Task brief: In this exercise, retype exactly and only the lines from the top of the entries below through the line that holds "Posters & Illustrations: Druckerplatte", omitting pictures.

(Data records)
• • • •

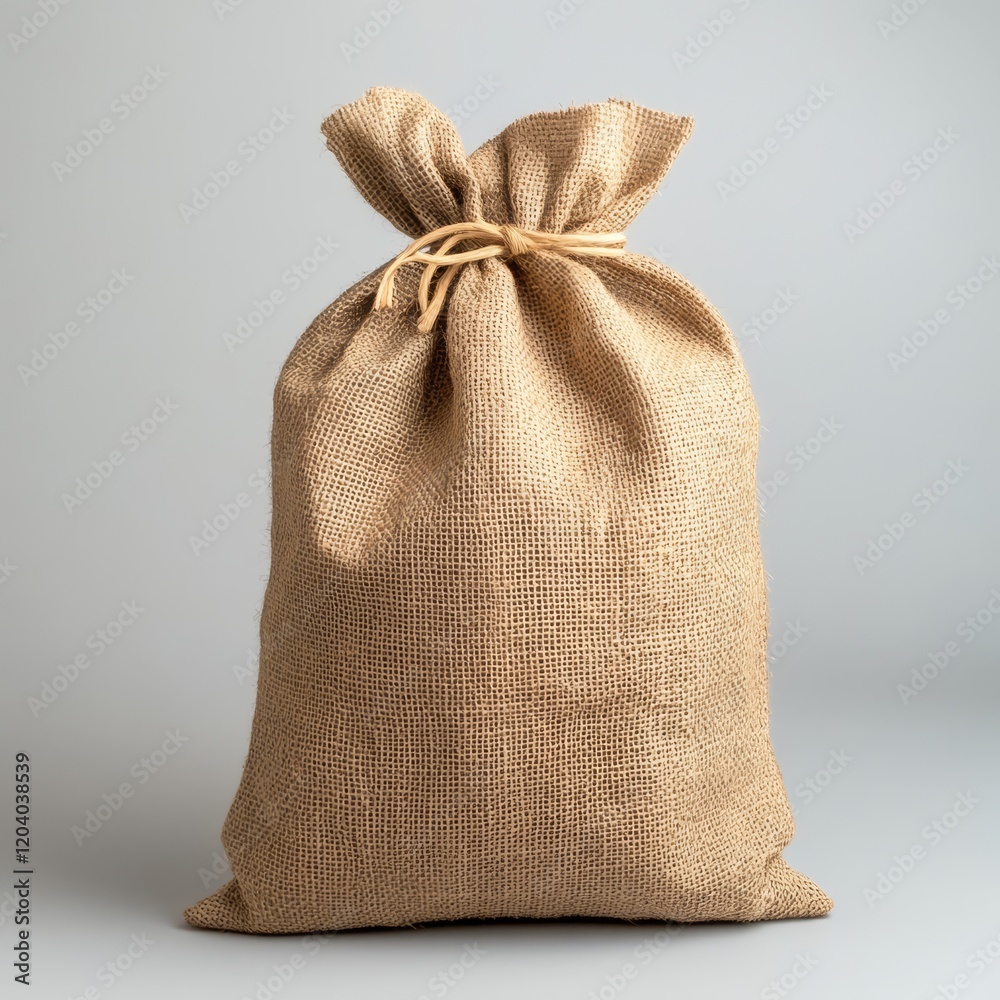 A full burlap sack tied with twine against a light gray background. A full burlap sack tied with twine against a light gray background.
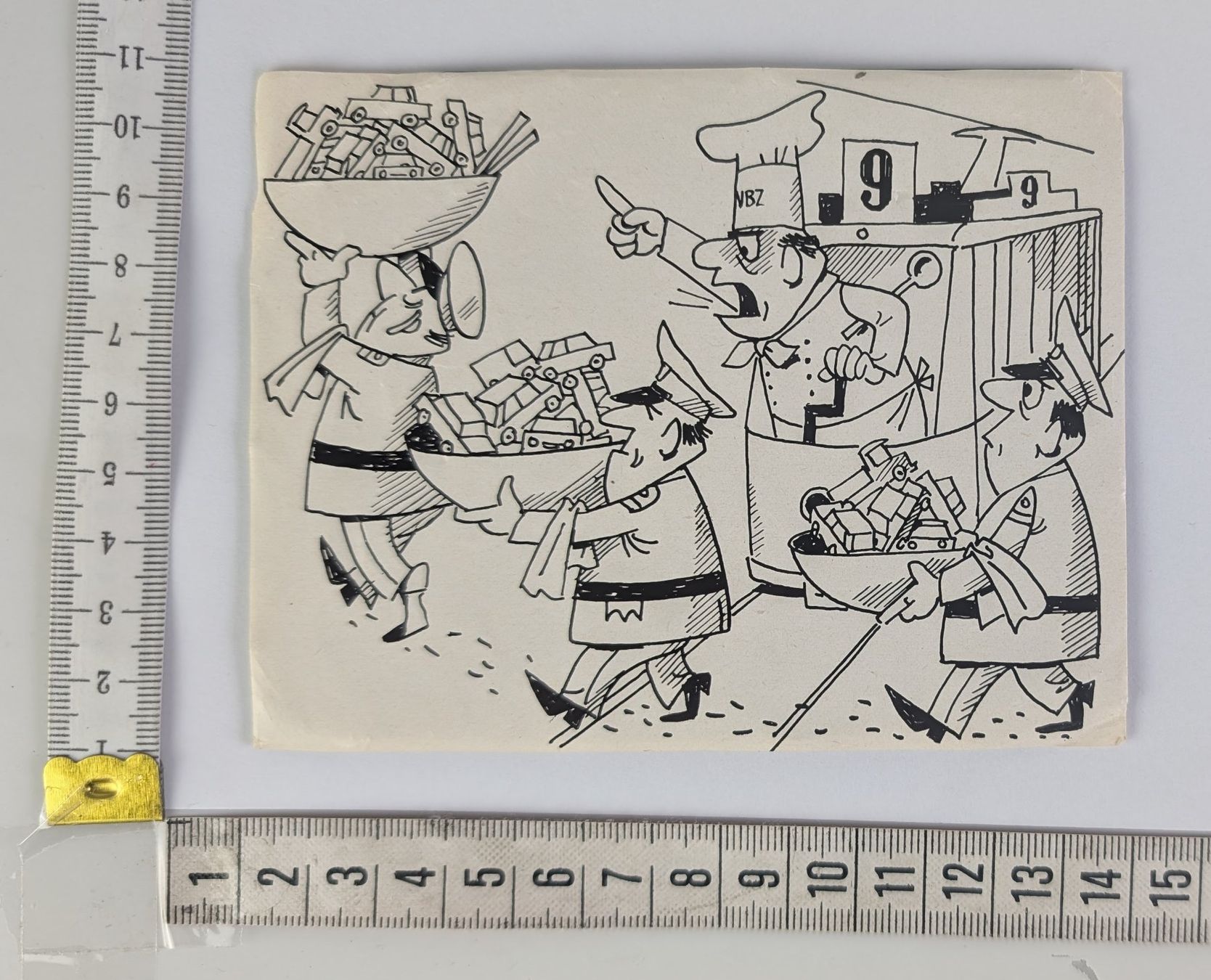 Posters & Illustrations: Druckerplatte mit Cartoon von Werner Büchi "VBZ" – D'occasion à Zürich par axolottchen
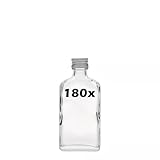Flaschenland - 180er Set 50 ml Taschenflaschen, rechteckig, aus Glas, ideal für Liköre, Spirituosen und andere Produktproben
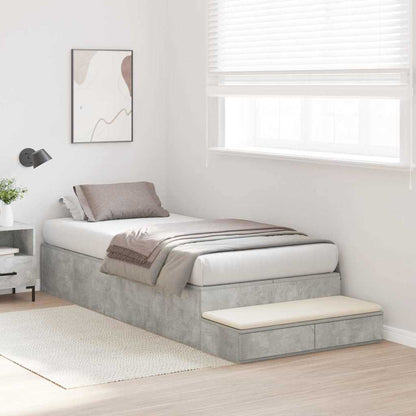 Opbergbedframe met lade Beton Grijs 90 cm Bewerkt hout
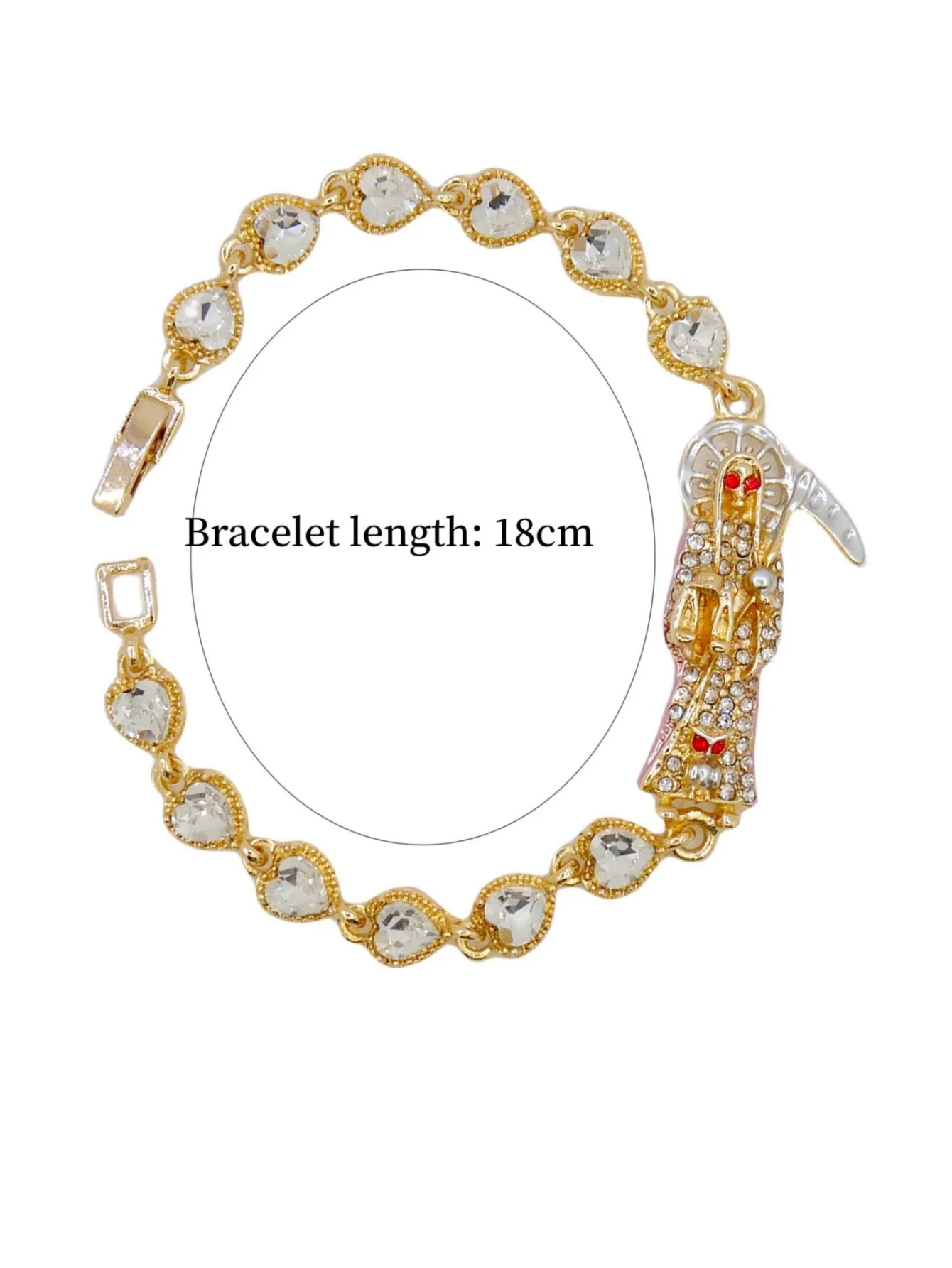 여성 도금 14K 골드 세인트 주드 세인트 머스 상감 지르콘 하트 팔찌 로맨틱 연인 보석 선물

• • • •

Final answer:
 A full burlap sack tied with twine against a light gray background. A full burlap sack tied with twine against a light gray background.
 Posters & Illustrations: Druckerplatte mit Cartoon von Werner Büchi "VBZ" – D'occasion à Zürich par axolottchen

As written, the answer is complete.